Born in Auckland on 7 January 1929, Bartlett was the son of Florence Mary Bartlett (née Cushman) and John Maddocks Bartlett.[1] He was educated at Auckland Grammar School, before studying architecture at Auckland University College and completing a Bachelor of Architecture degree in 1957.[1] He later undertook doctoral studies at Auckland, supervised by Richard Toy, and submitted his PhD thesis, titled Structured evaluation of attitudes to dwelling environments: people’s subjective assessments of preference satisfaction and meaning as indicators of architectural design performance in 1978.[2]
in 1953, Bartlett married Margaret Ann Lawlor, and the couple went on to have six children.[1]

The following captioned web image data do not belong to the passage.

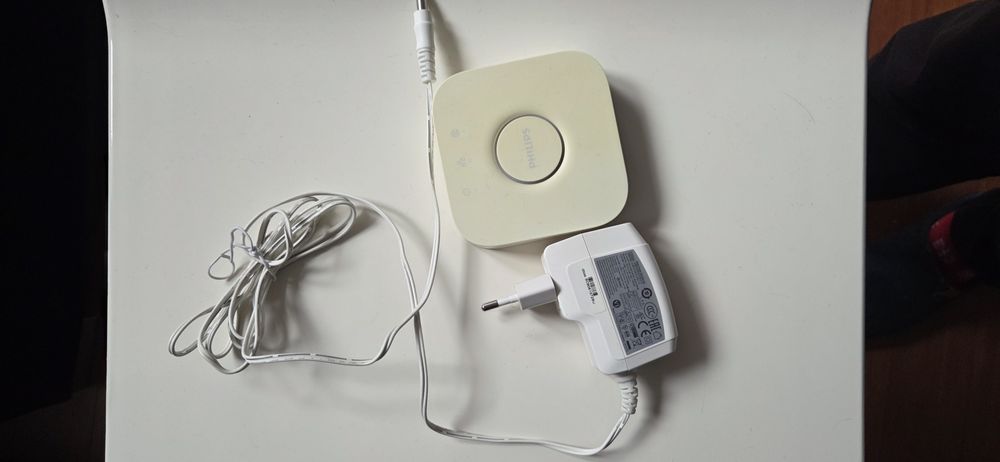 Mostek Philips hue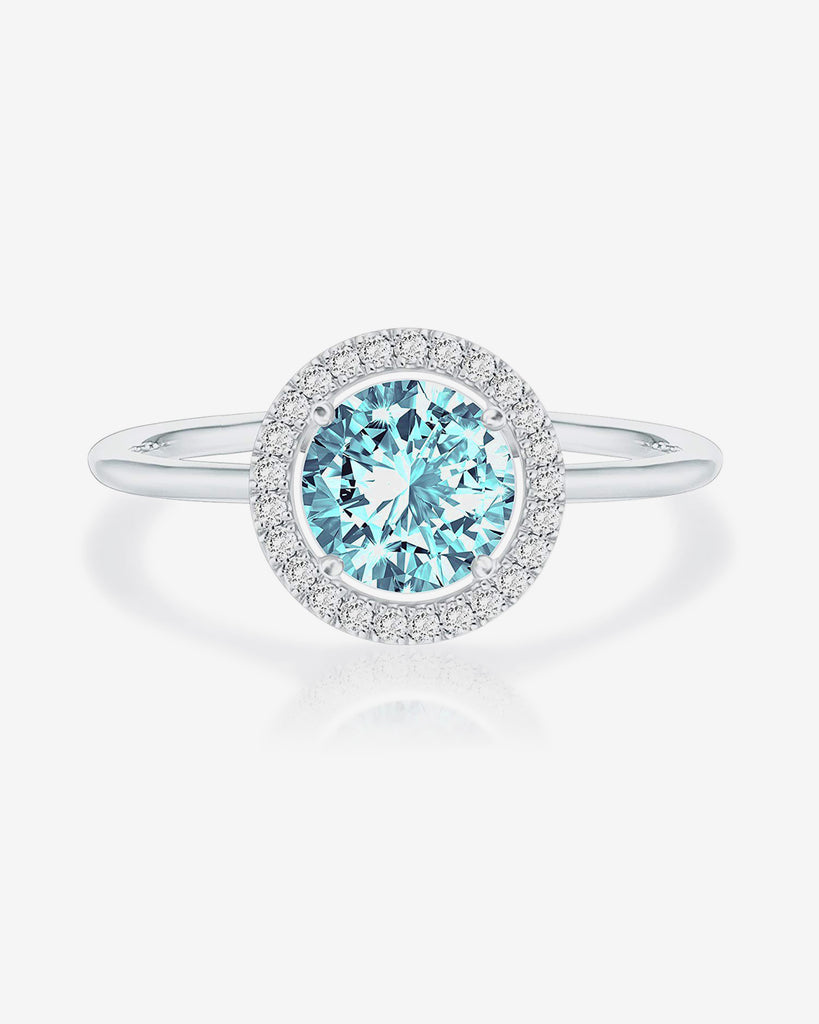 #Variant_White Gold / March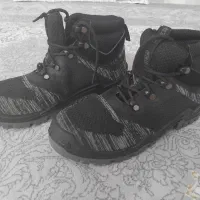 کفش کار، کفش ایمنی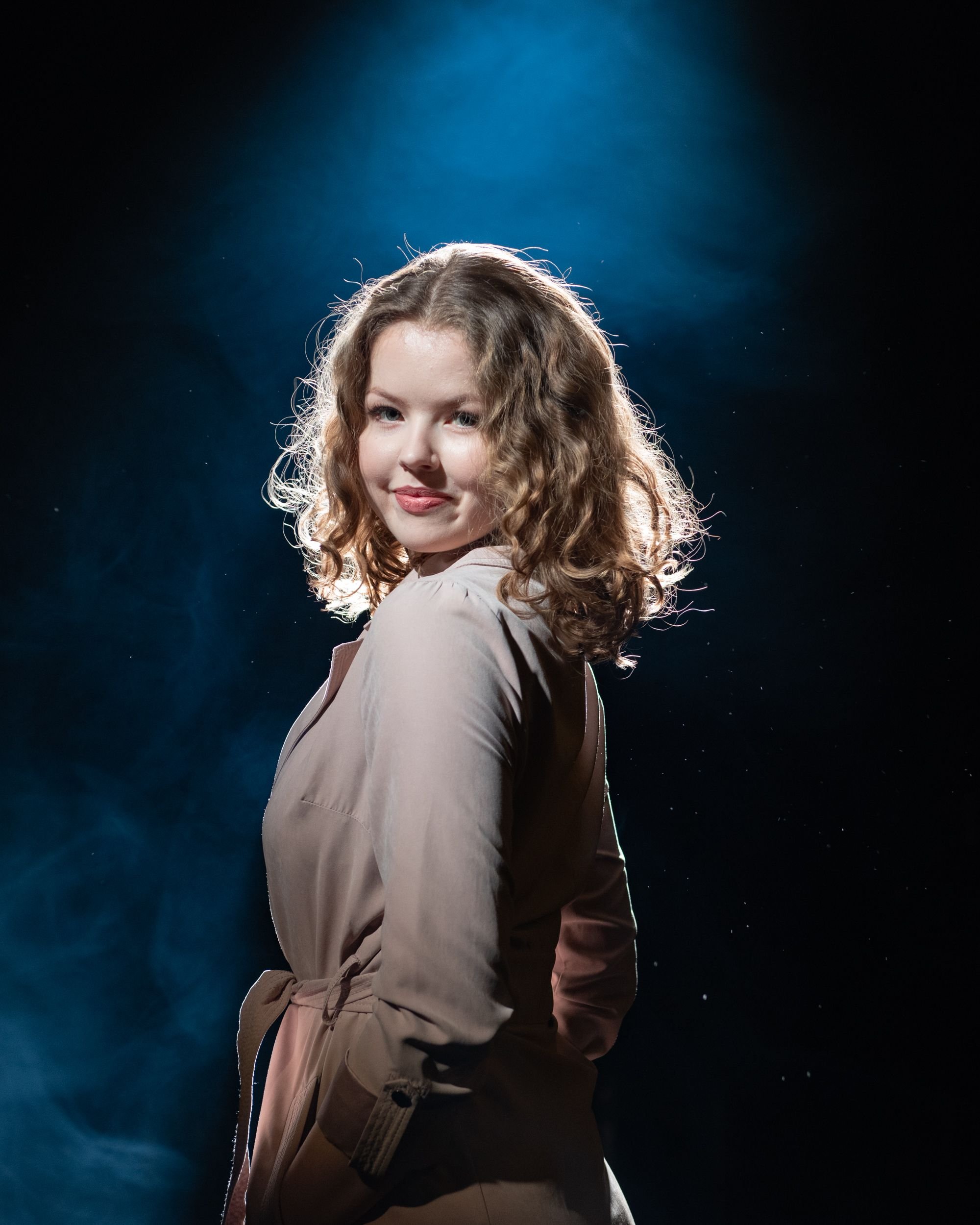 Eline Jacobsen Lillestøl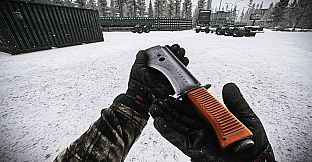 Escape from Tarkov: USEC - Gold Squadron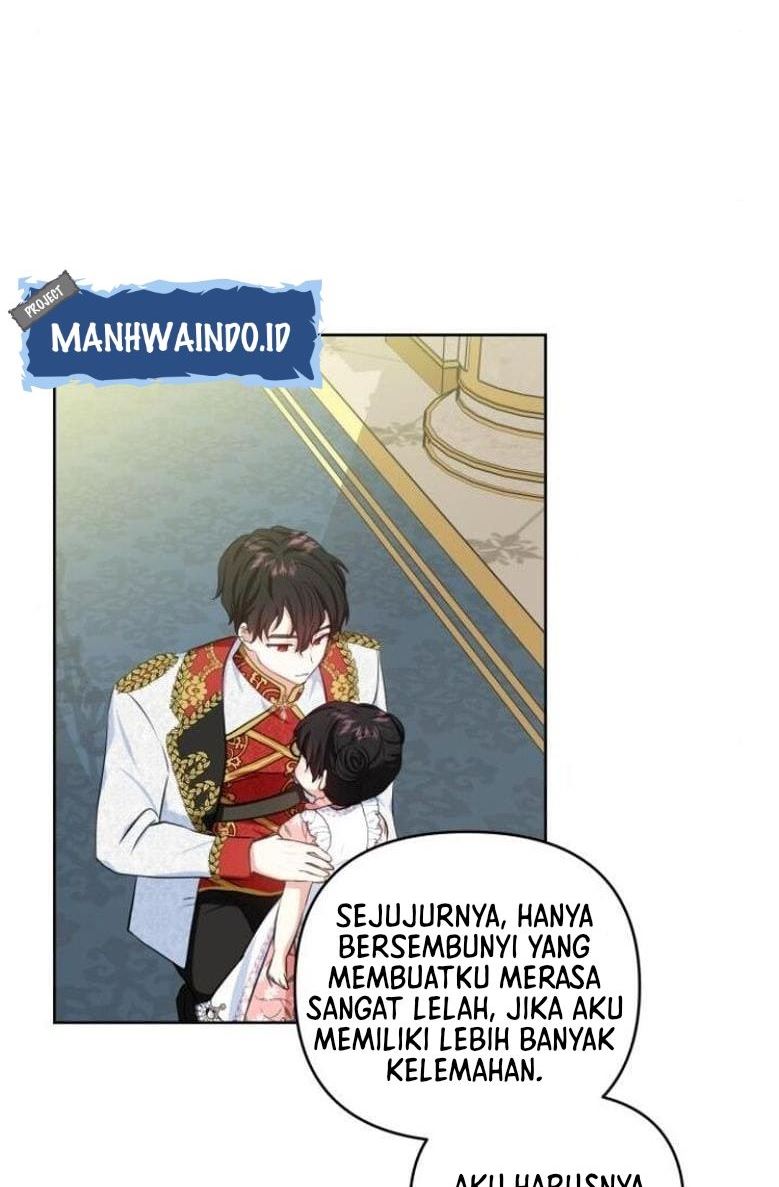 Monster Duke’s Daughter Chapter 31 Gambar 58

Bartlett was awarded a New Zealand government cultural fund bursary to study in Paris in 1953 and 1954, and spent the postgraduate year of his architectural studies in France.[1] Between 1954 and 1957, he worked in Paris as a project architect on multi-storey housing projects, before returning to New Zealand and going into private practice.[1]
In 1958, he won first prize in the New Zealand Institute of Architects (NZIA) Winstone House Competition, and in 1968 he was awarded an NZIA bronze medal for the Newcombe house in Parnell; the building received an NZIA Auckland enduring architecture award in 2013.[1] [3] [4] Bartlett designed the Centennial Theatre Centre at his old school, Auckland Grammar, which won an NZIA Auckland region medal in 1974, and an NZIA gold medal in 1975.[1]
Bartlett was elected as a Fellow of the New Zealand Institute of Architects in 1976, and a Fellow of the Royal Society of Arts the following year.[1]
In 1961, Bartlett was one of a number of architects, including Harry Turbott and Bill Wilson, employed as a sessional staff member in the School of Architecture at the University of Auckland.[3] In 1964, he was appointed as a senior lecturer in architecture at the University of Auckland, to teach architectural history and theory, and he was promoted to professor of architectural design in 1977.[1] [3] When he retired in 1993, Bartlett was conferred the title of professor emeritus.[5]
Bartlett died in the Auckland suburb of Devonport, Auckland on 21 December 2019.[6]